Las marcas en la vida nos las hacemos, ya sea en el cuerpo de forma deliberada, como la tinta, en el corazón con las emociones que nos dejamos que se queden y en la mente con las ideas que fertilizamos. Al final terminamos siendo una amalgama de todo eso que no dejamos ir, bueno y malo, consciente o no.
Muchas veces pareciera que la vida se nos queda atorada en un torbellino: vamos a muchísima velocidad, pero sólo damos vueltas sobre el mismo eje, aunque avancemos. Es en el momento en el que nos abrimos, destapamos el nudo que tenemos guardado y agarramos lo que más nos gusta, que podemos tomar una dirección y crecer, aunque sea más lento.

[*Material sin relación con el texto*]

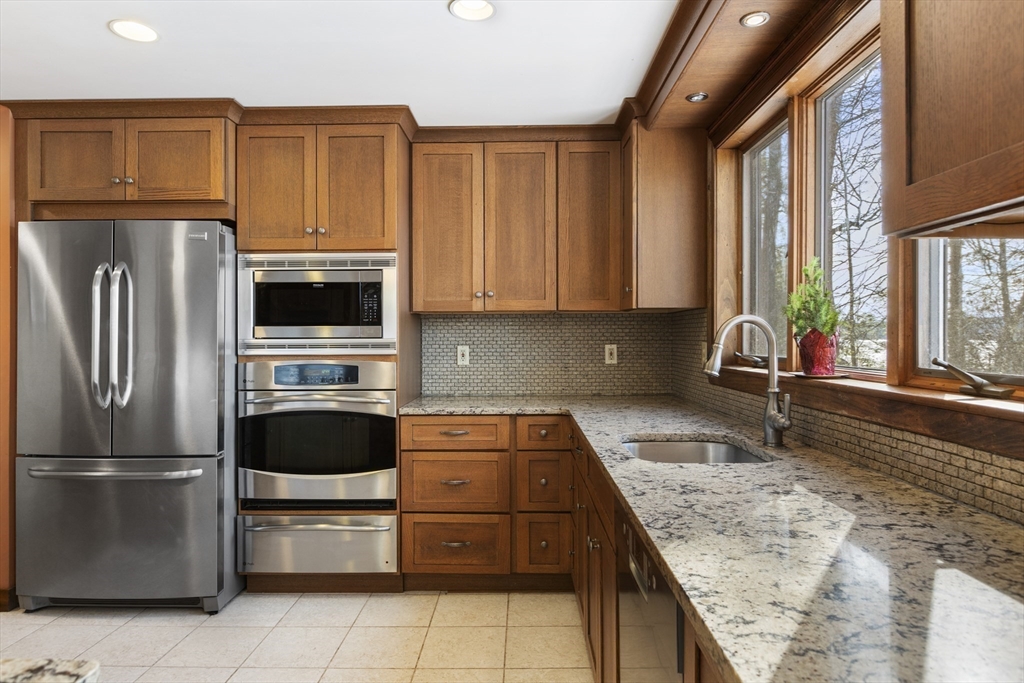 162 South Shore Road Burrillville, RI 02859 - Photo 17 of 39 a kitchen with stainless steel appliances granite countertop a refrigerator sink and stove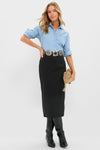 A woman models Hyacinth House: a light blue button-up shirt, high rise black column midi skirt, wide ornamental belt, black boots, and a tan clutch bag, all set against a plain white background.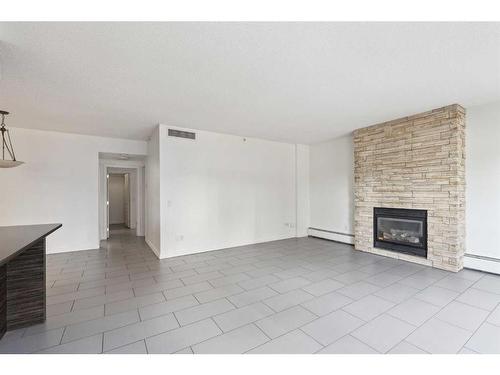 110-114 15 Avenue Sw, Calgary, AB - Indoor With Fireplace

En mi vida hay etapas que todavía resuenan como una campana y que marcan hitos de mi personalidad: pedazos de la infancia, la adolescencia con sus dolores, los errores de los primeros ejercicios de una mal llevada libertad, el enganche con una pareja que se vuelve parte mío, la venida de los niños. Todo esto ha dejado huellas en mí que no puedo ni quiero borrar. Pero que sólo me definen en la medida en la que yo quiero.
No es posible quitarse lo malo que ha sucedido. Tampoco sería recomendable. Pero sí podemos elegir cómo vamos a reaccionar ante todo eso que nos ha esculpido. Al final del día, los que tenemos en la mano el cincel de nuestras vidas, somos nosotros mismos. Y, algunos, también le metemos colores con agujas al asunto.